With the system in crisis and Labour’s popularity on the rise, the Tory leader is frantically scrabbling around in a vain attempt to gain support from working class voters.
With the possibility of a general election looming, Theresa May has desperately appealed to Labour voters to consider voting for the Tories. Her callouts have contained nothing but the usual rhetoric of ‘building a country for everyone’, as well as many empty promises that will do little to nothing to solve the problems facing the workers of Britain.
May claims that “millions of people who have supported Labour all their lives are appalled by what has happened to a once-great party under the leadership of Jeremy Corbyn”. This is despite Labour Party membership almost tripling since his election to party leader in 2015!

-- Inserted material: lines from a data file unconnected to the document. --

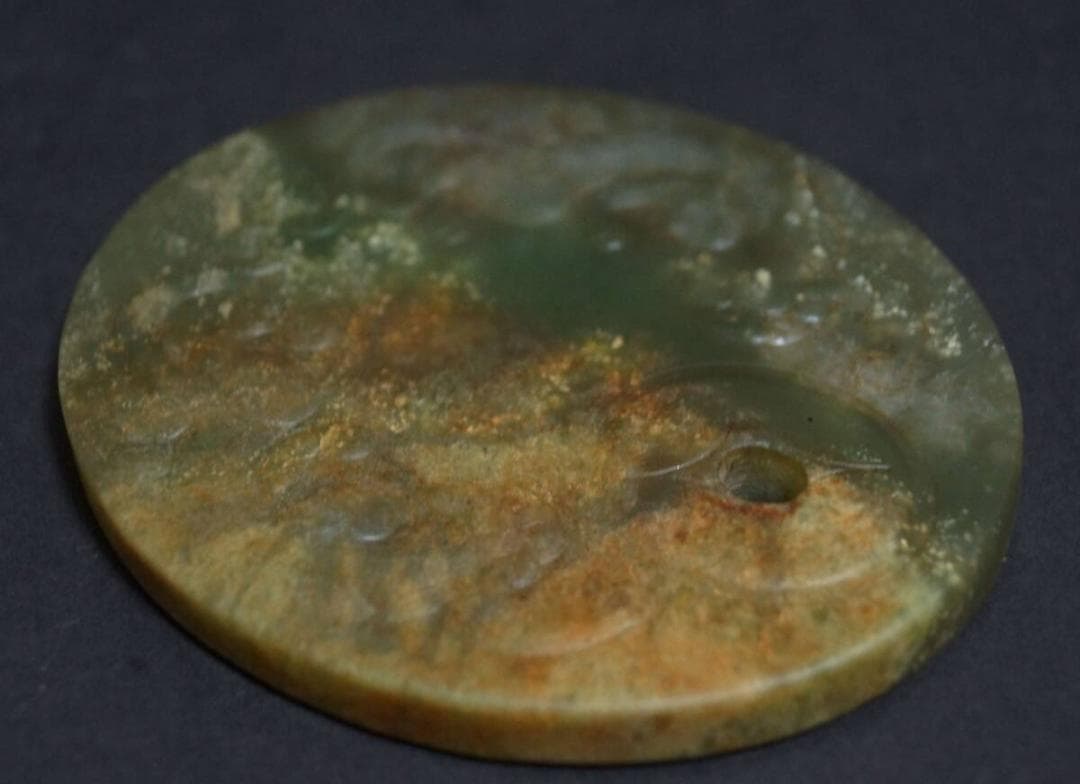 古代 和田玉(ホータン)両面細工彫り『双獣紋』 楕円形玉牌 根付 提げ物 装飾品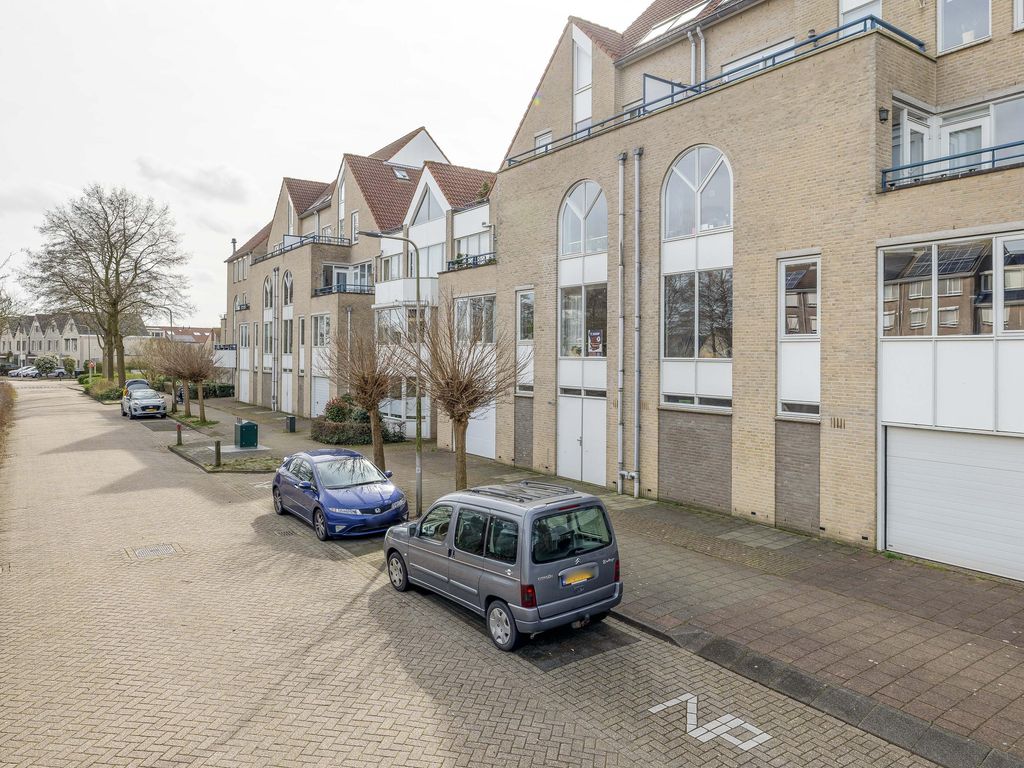 Krammer 32a, Brielle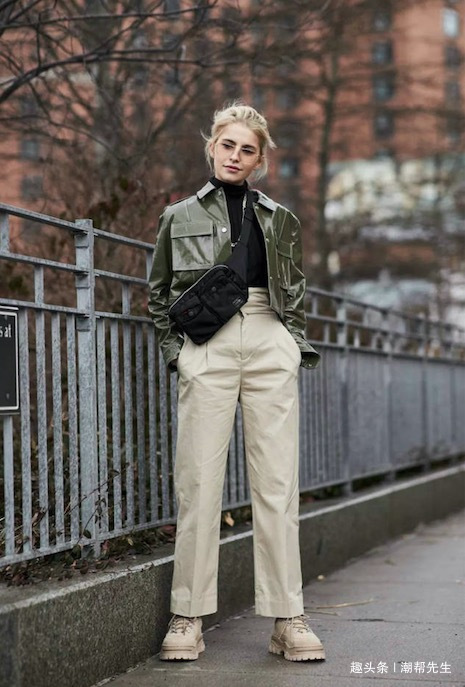 失宠|“高领毛衣”失宠了,今年冬天流行“烟管领”,时髦保暖更显瘦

And what about the five million votes that Labour lost during the appalling leadership of the Blairites? Now, under Corbyn, the party is going back to its socialist roots, rather than being a Tory-lite party like it was under Blair.
Think positive!
“To be that party for the whole country,” May has said, “Conservatives must… offer a positive and optimistic vision of the better future that our policies will deliver”. This is nothing but an admission that, having been in power for eight years, no one is optimistic about the future under a Tory government! In contrast, millions are inspired by Labour’s vision promoted by Corbyn, as seen by the enthusiasm for the Labour manifesto at last year’s election.
With Corbyn’s nationalisation plans proving extremely popular, May now feels the need to rush to the defence of capitalism. She laments that “the markets are still not working in the interests of ordinary people”. Precisely! It is because they are not designed to – they never will work in the interests of ordinary people.
May claims that: “Free markets drive innovation, reward creativity and increase efficiency. But it is the job of government to make sure they work properly.”
Translated this means: markets guarantee enormous profits for the capitalists, but under pressure the state has to intervene, otherwise calls for nationalisation will only grow.
More of the same
On the housing crisis, May has said that: “we will only fix this broken market by building more homes”. Indeed, it is precisely the logic of the market to prioritise building luxury flats for millionaires, as this is more profitable than building affordable homes for all. In London alone, over 15,000 recently built luxury flats remained unsold at the beginning of 2018, whilst 1 in 59 Londoners are officially homeless.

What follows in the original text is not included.